2.3 Compare distribution via plots

Which of the following interpretations of the plot is not valid? Answer: The variability in mileage of 8 cylinder cars is similar ot the variability in mileage of 4 cylinder cars.

2.4 Marginal and conditional histograms

Now, turn your attention to a new variable: horsepwr. The goal is to get a sense of the marginal distribution of this variable and then compare it to the distribution of horsepower conditional on the price of the car being less than $25,000.

You’ll be making two plots using the “data pipeline” paradigm, where you start with the raw data and end with the plot.

2.4.1 Instructions

  • Create a histogram of the distribution of horsepwr across all cars and add an appropriate title.
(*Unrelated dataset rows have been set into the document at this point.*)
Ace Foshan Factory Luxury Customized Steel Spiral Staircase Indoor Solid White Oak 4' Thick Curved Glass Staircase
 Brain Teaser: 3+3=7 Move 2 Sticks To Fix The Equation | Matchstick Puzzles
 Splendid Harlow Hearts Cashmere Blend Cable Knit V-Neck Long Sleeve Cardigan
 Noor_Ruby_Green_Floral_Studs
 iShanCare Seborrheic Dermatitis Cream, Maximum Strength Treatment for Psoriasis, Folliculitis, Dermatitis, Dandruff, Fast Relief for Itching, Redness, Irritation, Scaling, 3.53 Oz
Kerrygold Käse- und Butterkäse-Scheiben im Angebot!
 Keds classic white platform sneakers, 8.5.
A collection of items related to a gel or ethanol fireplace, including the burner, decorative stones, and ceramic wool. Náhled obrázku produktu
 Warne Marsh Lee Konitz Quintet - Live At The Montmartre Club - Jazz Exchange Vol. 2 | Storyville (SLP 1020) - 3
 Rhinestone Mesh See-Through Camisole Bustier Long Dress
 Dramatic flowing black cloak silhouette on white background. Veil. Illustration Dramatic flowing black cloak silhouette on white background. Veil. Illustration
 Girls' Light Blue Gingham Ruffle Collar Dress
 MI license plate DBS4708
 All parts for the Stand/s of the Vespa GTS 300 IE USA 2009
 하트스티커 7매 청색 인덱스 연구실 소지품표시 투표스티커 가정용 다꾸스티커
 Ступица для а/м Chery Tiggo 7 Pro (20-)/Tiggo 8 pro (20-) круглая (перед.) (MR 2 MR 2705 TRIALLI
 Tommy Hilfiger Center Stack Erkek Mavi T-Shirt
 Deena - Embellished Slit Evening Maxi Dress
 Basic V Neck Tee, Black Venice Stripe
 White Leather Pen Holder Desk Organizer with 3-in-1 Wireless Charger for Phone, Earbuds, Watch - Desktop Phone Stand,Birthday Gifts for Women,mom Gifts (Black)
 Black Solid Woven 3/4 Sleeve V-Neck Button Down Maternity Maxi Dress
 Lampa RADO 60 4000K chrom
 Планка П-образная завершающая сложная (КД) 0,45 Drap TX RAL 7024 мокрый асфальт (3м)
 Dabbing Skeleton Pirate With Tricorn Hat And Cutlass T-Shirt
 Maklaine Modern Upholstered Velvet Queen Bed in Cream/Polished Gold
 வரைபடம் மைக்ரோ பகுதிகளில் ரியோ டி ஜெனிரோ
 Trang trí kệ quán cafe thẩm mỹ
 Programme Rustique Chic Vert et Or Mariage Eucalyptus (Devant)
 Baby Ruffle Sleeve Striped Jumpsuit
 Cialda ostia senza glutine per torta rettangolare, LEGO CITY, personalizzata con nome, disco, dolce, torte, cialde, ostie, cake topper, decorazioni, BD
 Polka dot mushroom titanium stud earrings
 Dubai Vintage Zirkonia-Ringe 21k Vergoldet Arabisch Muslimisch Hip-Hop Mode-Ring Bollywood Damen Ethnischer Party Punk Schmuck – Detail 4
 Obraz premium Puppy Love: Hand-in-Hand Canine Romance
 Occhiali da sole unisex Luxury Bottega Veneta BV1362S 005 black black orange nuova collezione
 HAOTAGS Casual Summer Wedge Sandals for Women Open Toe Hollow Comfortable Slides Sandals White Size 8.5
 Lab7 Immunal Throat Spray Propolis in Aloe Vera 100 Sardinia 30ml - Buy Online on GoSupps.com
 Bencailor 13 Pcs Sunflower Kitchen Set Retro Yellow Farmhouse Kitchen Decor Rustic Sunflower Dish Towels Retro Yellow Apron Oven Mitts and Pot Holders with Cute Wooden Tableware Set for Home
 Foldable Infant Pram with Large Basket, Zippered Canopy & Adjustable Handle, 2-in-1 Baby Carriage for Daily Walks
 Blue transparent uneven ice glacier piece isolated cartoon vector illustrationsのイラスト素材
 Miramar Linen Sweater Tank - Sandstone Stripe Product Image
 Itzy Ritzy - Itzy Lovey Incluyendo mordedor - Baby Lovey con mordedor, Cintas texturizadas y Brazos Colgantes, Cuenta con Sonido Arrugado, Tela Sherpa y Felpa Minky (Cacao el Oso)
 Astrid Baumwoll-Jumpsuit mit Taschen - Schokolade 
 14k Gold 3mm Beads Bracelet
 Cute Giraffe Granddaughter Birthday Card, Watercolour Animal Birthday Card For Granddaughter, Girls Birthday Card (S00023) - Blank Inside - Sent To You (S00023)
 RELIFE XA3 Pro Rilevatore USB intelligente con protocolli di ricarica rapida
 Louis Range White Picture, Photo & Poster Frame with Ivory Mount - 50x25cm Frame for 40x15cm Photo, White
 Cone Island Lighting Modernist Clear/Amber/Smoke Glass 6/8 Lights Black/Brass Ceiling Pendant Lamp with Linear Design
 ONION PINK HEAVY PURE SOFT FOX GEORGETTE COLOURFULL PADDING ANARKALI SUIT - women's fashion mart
Start by piping in the raw dataset.
  • Create a second histogram of the distribution of horsepower, but only for those cars that have an msrp less than $25,000. Keep the limits of the x-axis so that they’re similar to that of the first plot, and add a descriptive title.
# Create hist of horsepwr
cars %>%
  ggplot(aes(x = horsepwr)) +
  geom_histogram() +
  ggtitle("Distribution of horsepower for all cars")
## `stat_bin()` using `bins = 30`. Pick better value with `binwidth`.

# Create hist of horsepwr for affordable cars
cars %>%
  filter(msrp < 25000) %>%
  ggplot(aes(x = horsepwr)) +
  geom_histogram() +
  xlim(c(90, 550)) +
  ggtitle("Distribution of horsepower for affordable cars")
## `stat_bin()` using `bins = 30`. Pick better value with `binwidth`.
## Warning: Removed 1 rows containing non-finite values (stat_bin).
## Warning: Removed 1 rows containing missing values (geom_bar).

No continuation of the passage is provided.